* Input for this task
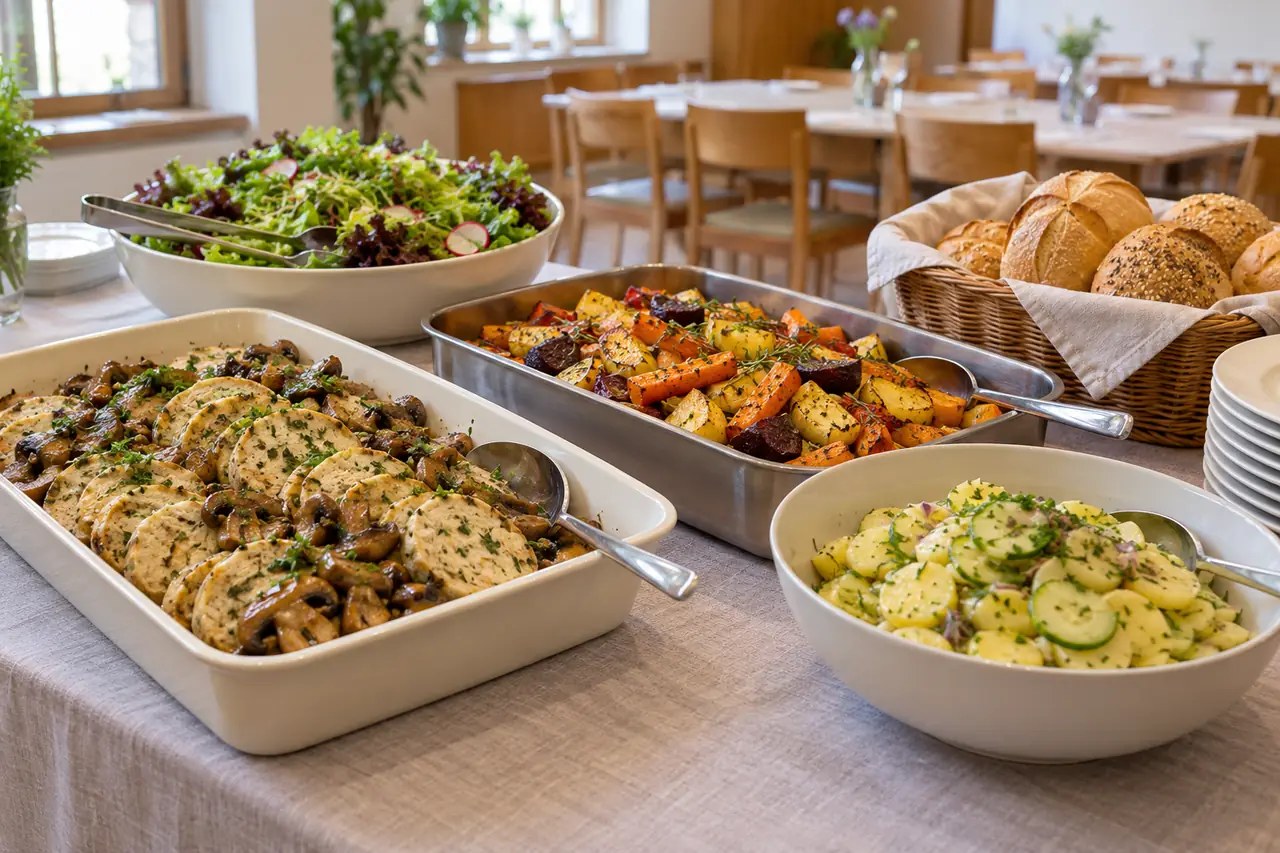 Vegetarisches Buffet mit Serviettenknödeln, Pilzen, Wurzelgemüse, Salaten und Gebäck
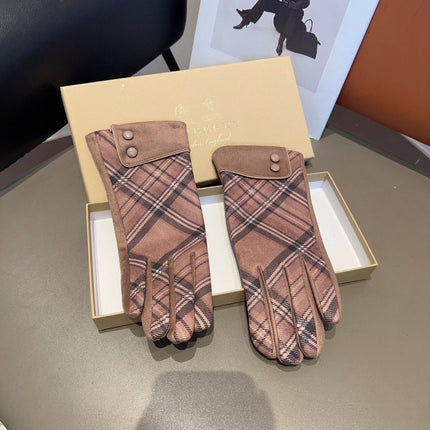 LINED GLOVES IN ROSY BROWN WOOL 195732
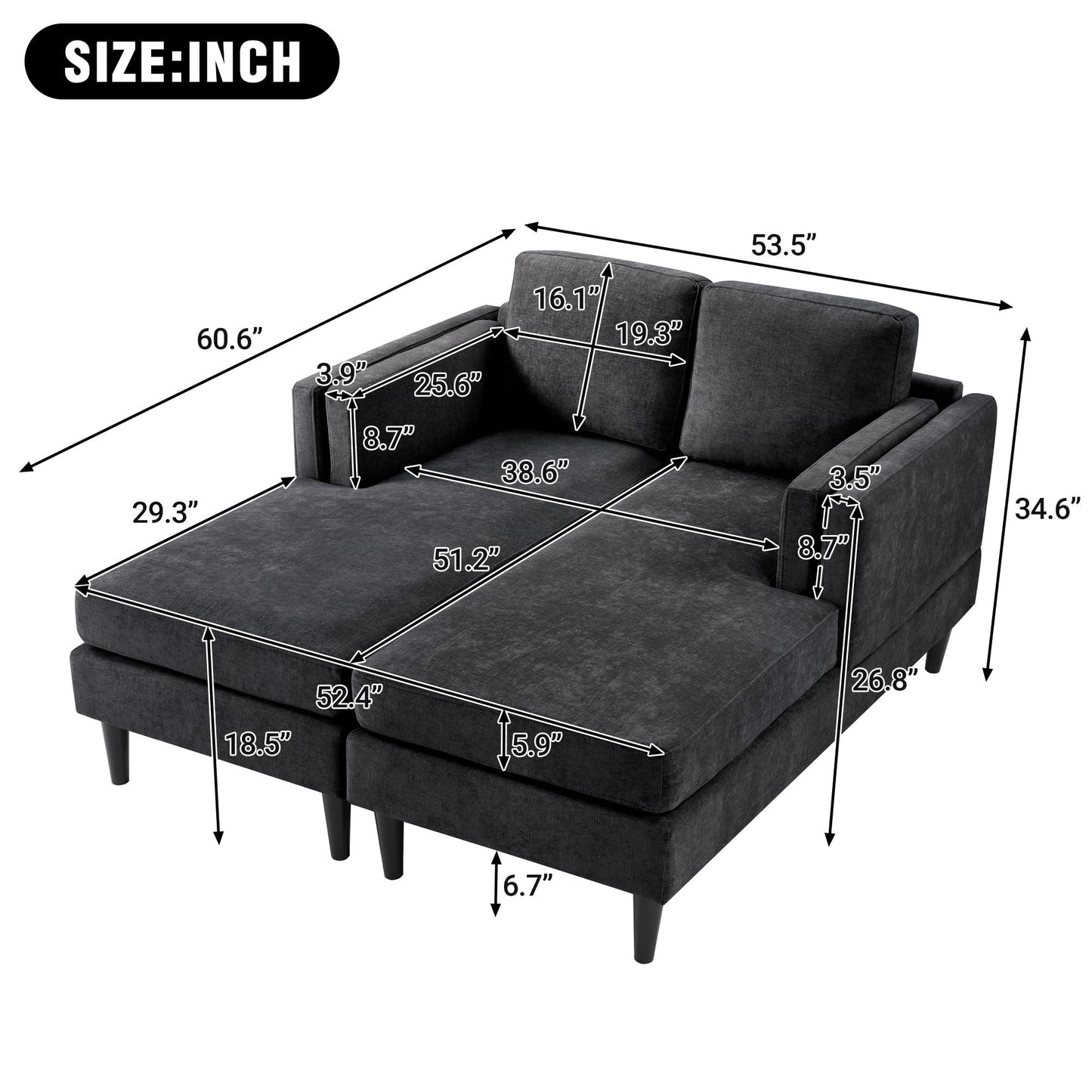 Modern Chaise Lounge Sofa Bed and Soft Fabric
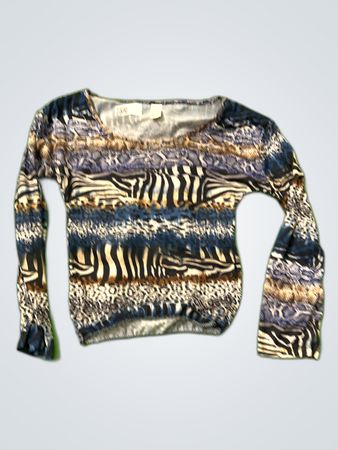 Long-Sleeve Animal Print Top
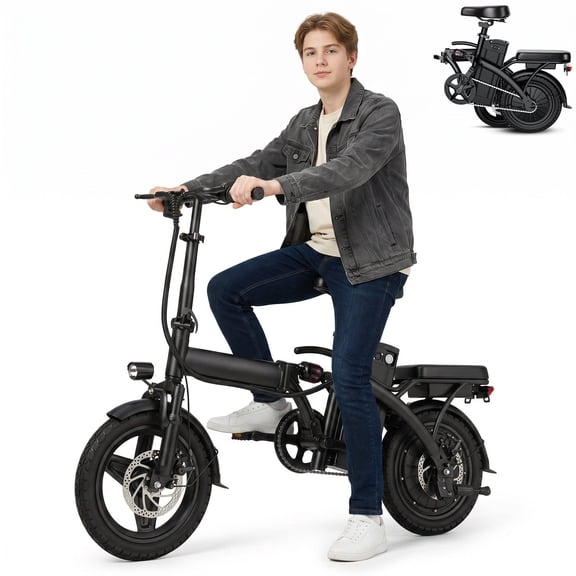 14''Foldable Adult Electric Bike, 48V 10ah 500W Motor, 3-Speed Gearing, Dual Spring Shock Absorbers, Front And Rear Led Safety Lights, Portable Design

* Exercise prompt
From the line containing "Modern Chaise Lounge" to the end of the data above, give those lines again verbatim, with both endpoints included and no images.

* Result for this exercise
 Modern Chaise Lounge Sofa Bed and Soft Fabric
 Long-Sleeve Animal Print Top
 14''Foldable Adult Electric Bike, 48V 10ah 500W Motor, 3-Speed Gearing, Dual Spring Shock Absorbers, Front And Rear Led Safety Lights, Portable Design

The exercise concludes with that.